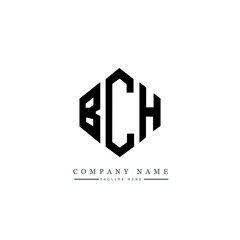 BCH letter logo design with polygon shape. BCH polygon logo monogram. BCH cube logo design. BCH hexagon vector logo template white and black colors. BCH monogram, BCH business and real estate logo. 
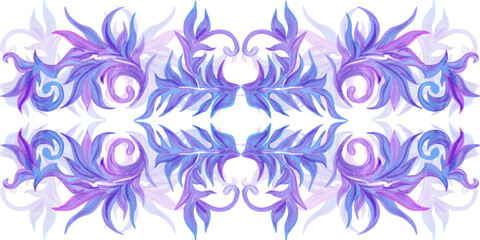 Hand drawn watercolor blue and lilac frost pattern seamless frame border. Winter Illustration isolated on white background. Can be used for postcard, textile and other printed products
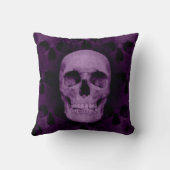 ゴシックパープルハロウィーンスカルデザイン クッション (裏面)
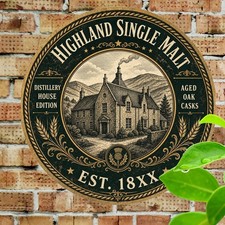 Highland Single Malt Scotch Whisky Inspired Metal Sign Pub Wall Decor picture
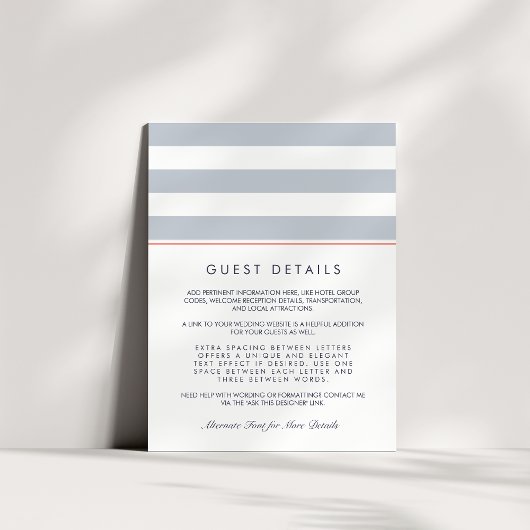 Metro Stripe Guest Information Kaart | Koraal en g
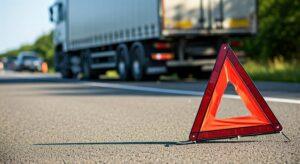 Truck accident hazard warning on a Longmont roadway involving a commercial vehicle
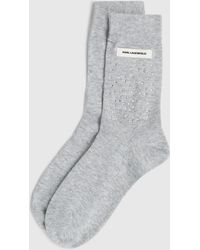KARL LAGERFELD - Rhinestone Logo Socks - Lyst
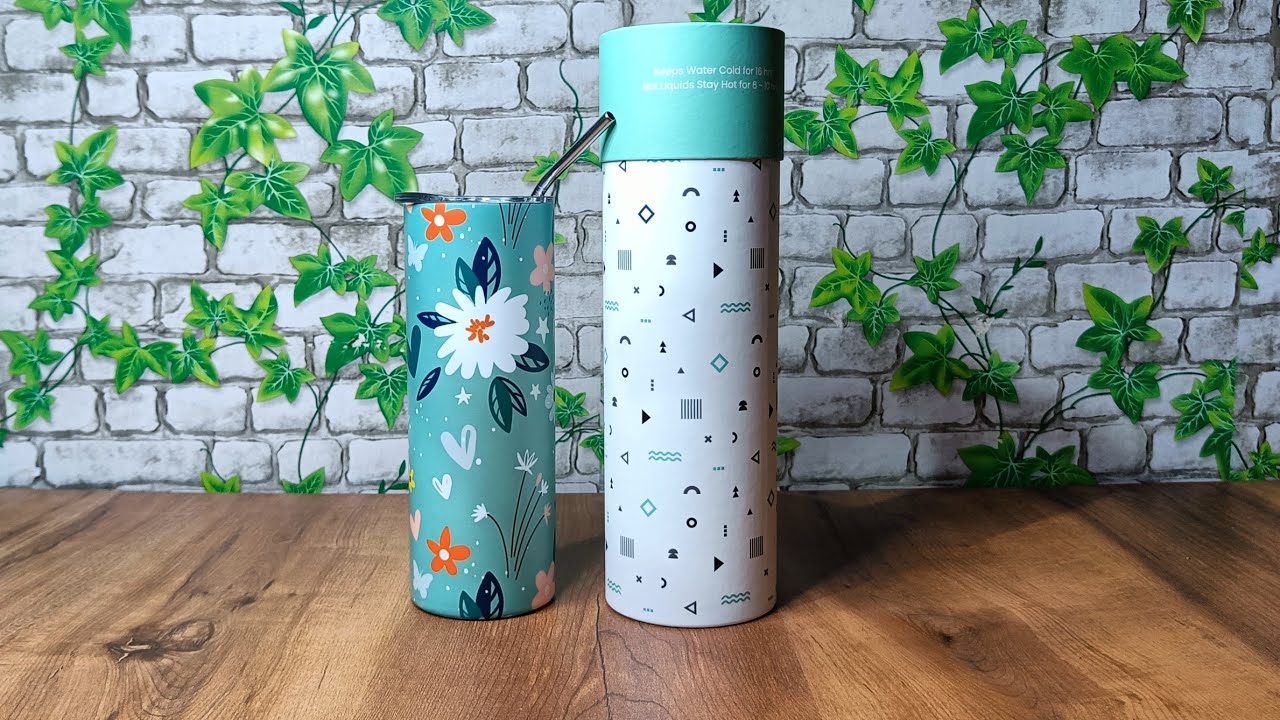 Stainless Steel Designer Water Bottle with Metal Straw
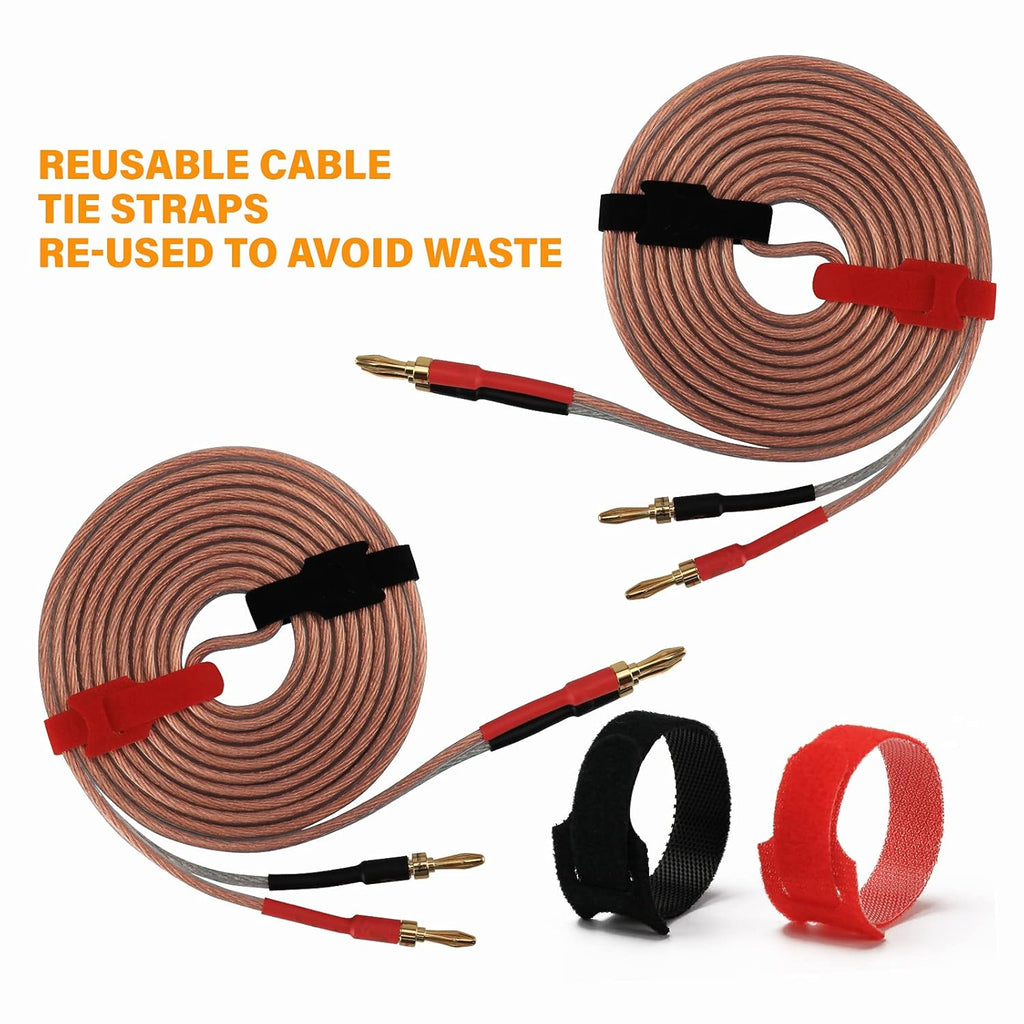 1 Pair 13AWG Oxygen-Free Copper Speaker Cables with Banana Plug Tips H351842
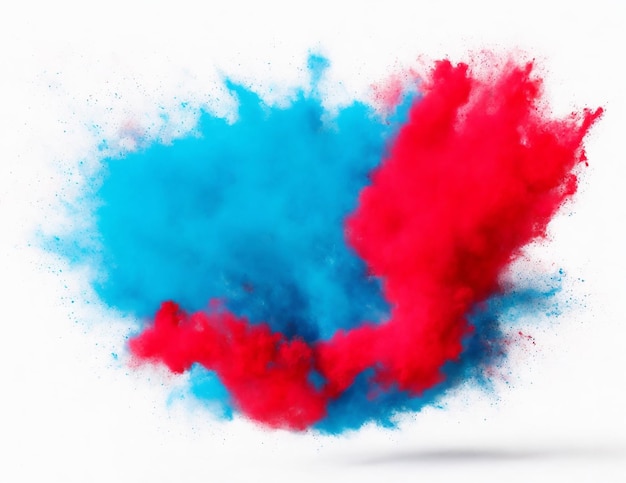 helder cyan blauw en rood holi verf kleur poeder festival explosie barst geïsoleerd wit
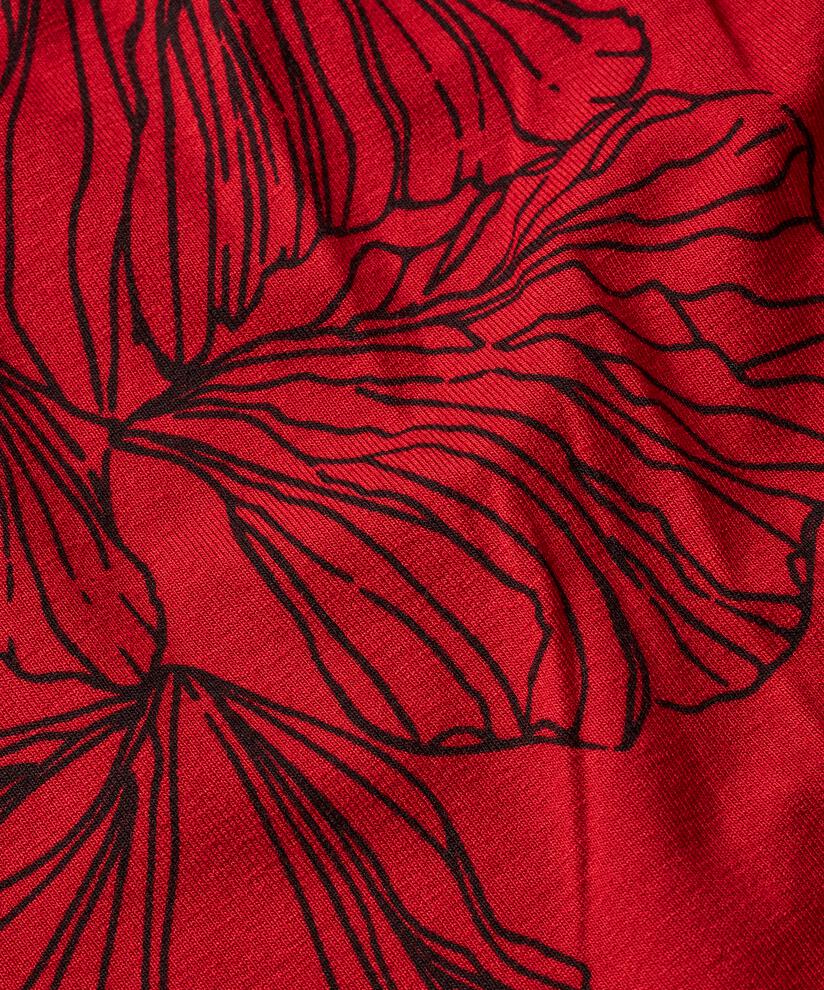 Bedrucktes Jerseykleid mit Falten vorne, Haute Red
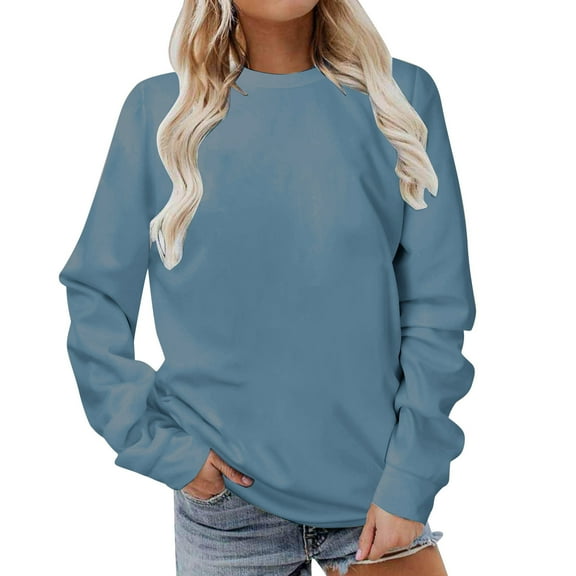 Timegard Crewneck Sweatshirts for Women Long Sleeve Solid Color Pullover Fall Basic Casual Loose Blouse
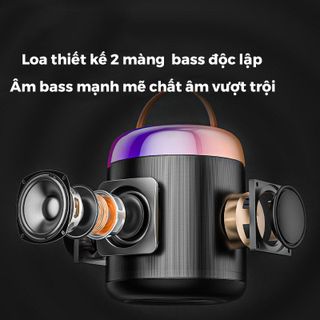 Loa Bluetooth Mini Karaoke Kèm Mic Y2 - 2 Màng Bass Cực Căng - Công Suất 8w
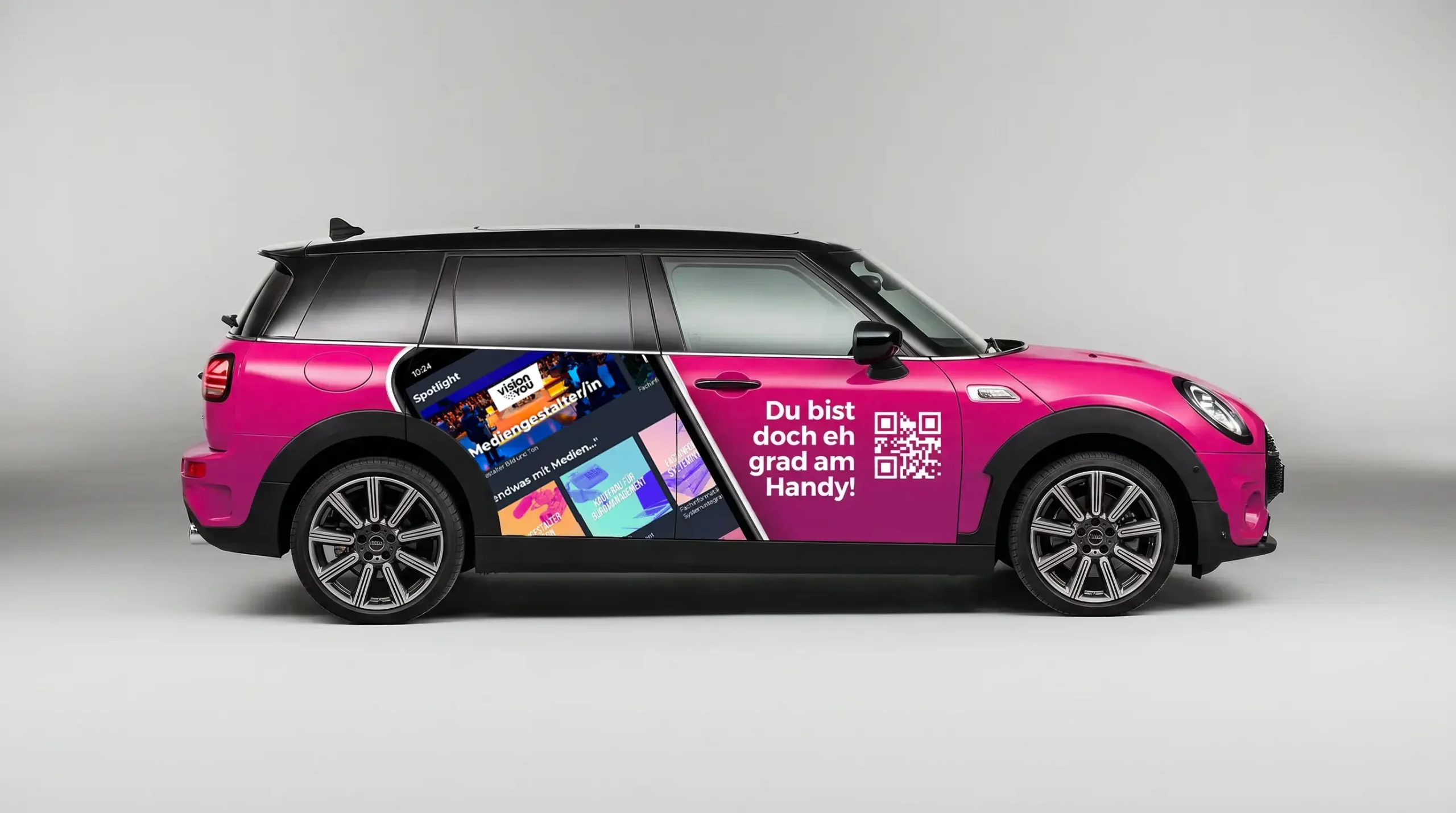 Svipe App Werbung auf einem Mini Clubman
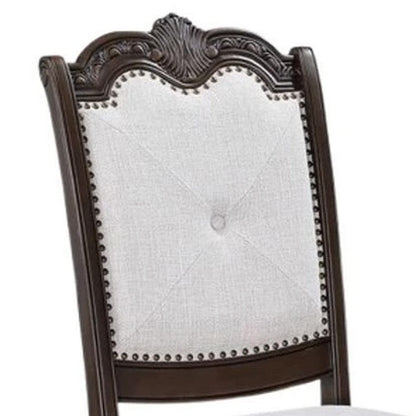 Benjara Cary Side Dining Chair Set of 2, Beige Linen, Scrolled Coffee Brown Wood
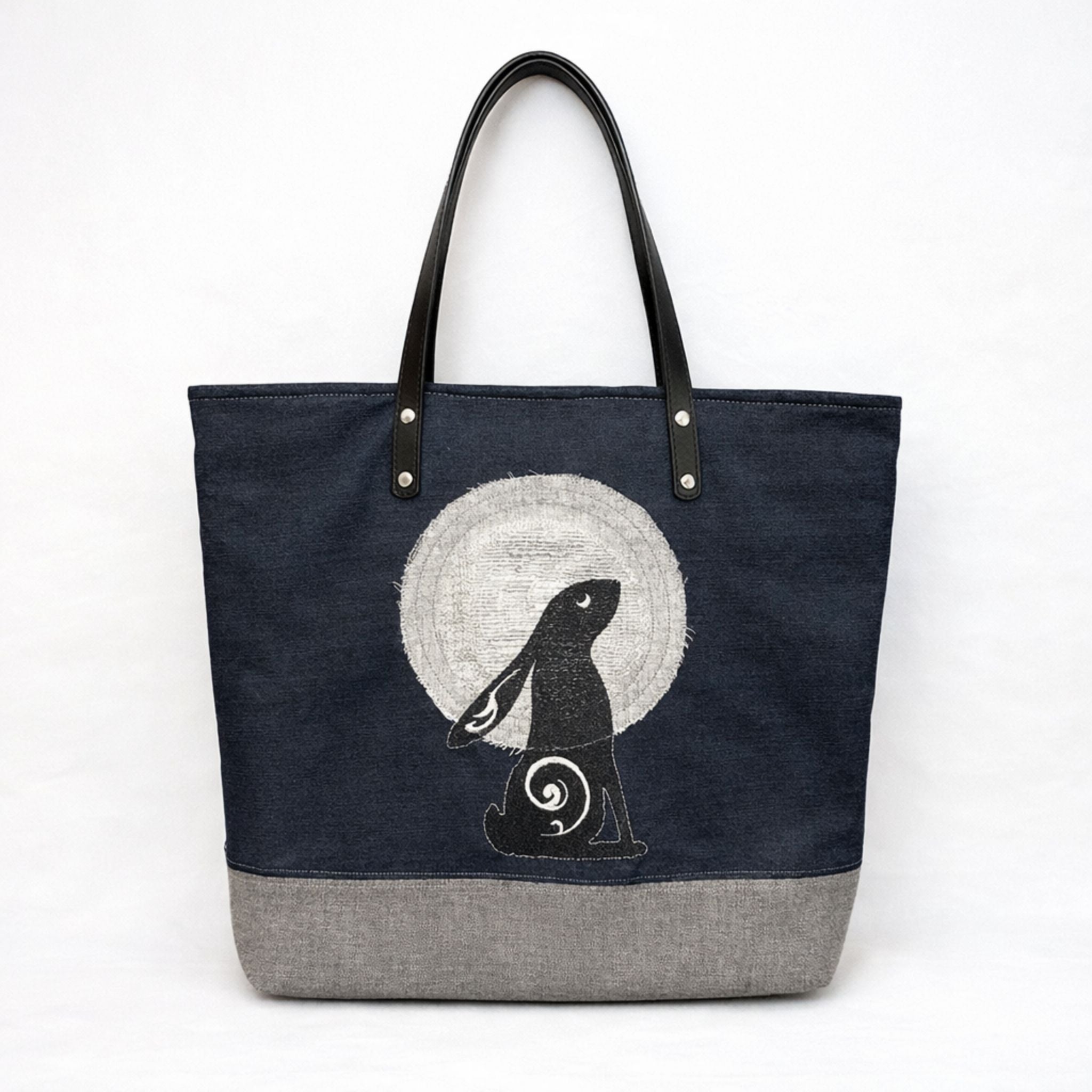Indigo Denim Hare Tote Bag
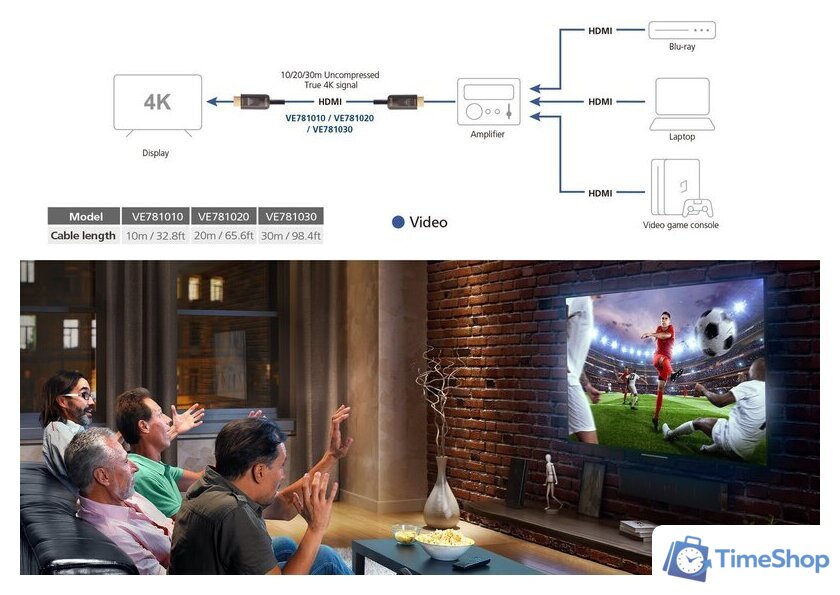 Кабель Aten VE781010-AT HDMI - HDMI (10 м, черный) - Изображение №5 — Интернет-магазин Time-Shop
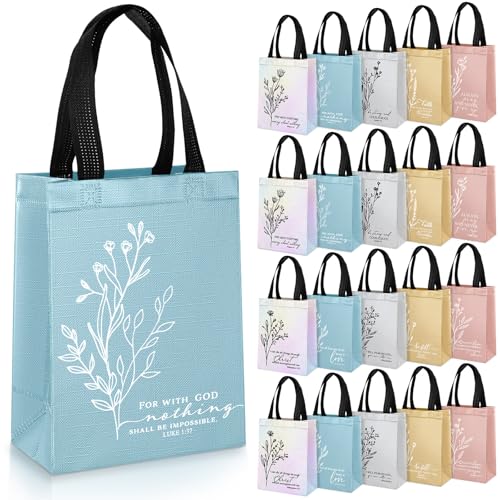 Sweetude 20 Pcs Reusable Christian Gift Bags & Handles, Mild Colors - color: Mild Colors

● **YOUR OBJECTIVE**: The copy must begin at the line containing "Truck accident hazard" and end at the last line of the data above, with every line retyped exactly and no pictures included.

● **ANSWER TO THE EXERCISE**:
 Truck accident hazard warning on a Longmont roadway involving a commercial vehicle
KARL LAGERFELD - Rhinestone Logo Socks - Lyst
 Stainless Steel Designer Water Bottle with Metal Straw
 1 Pair 13AWG Oxygen-Free Copper Speaker Cables with Banana Plug Tips H351842
 helder cyan blauw en rood holi verf kleur poeder festival explosie barst geïsoleerd wit
 Bedrucktes Jerseykleid mit Falten vorne, Haute Red
 Timegard Crewneck Sweatshirts for Women Long Sleeve Solid Color Pullover Fall Basic Casual Loose Blouse
 Loa Bluetooth Mini Karaoke Kèm Mic Y2 - 2 Màng Bass Cực Căng - Công Suất 8w
 Svipe App Werbung auf einem Mini Clubman
 Benjara Cary Side Dining Chair Set of 2, Beige Linen, Scrolled Coffee Brown Wood
Indigo Denim Hare Tote Bag
 Кабель Aten VE781010-AT HDMI - HDMI (10 м, черный) - Изображение №5 — Интернет-магазин Time-Shop
 Sweetude 20 Pcs Reusable Christian Gift Bags & Handles, Mild Colors - color: Mild Colors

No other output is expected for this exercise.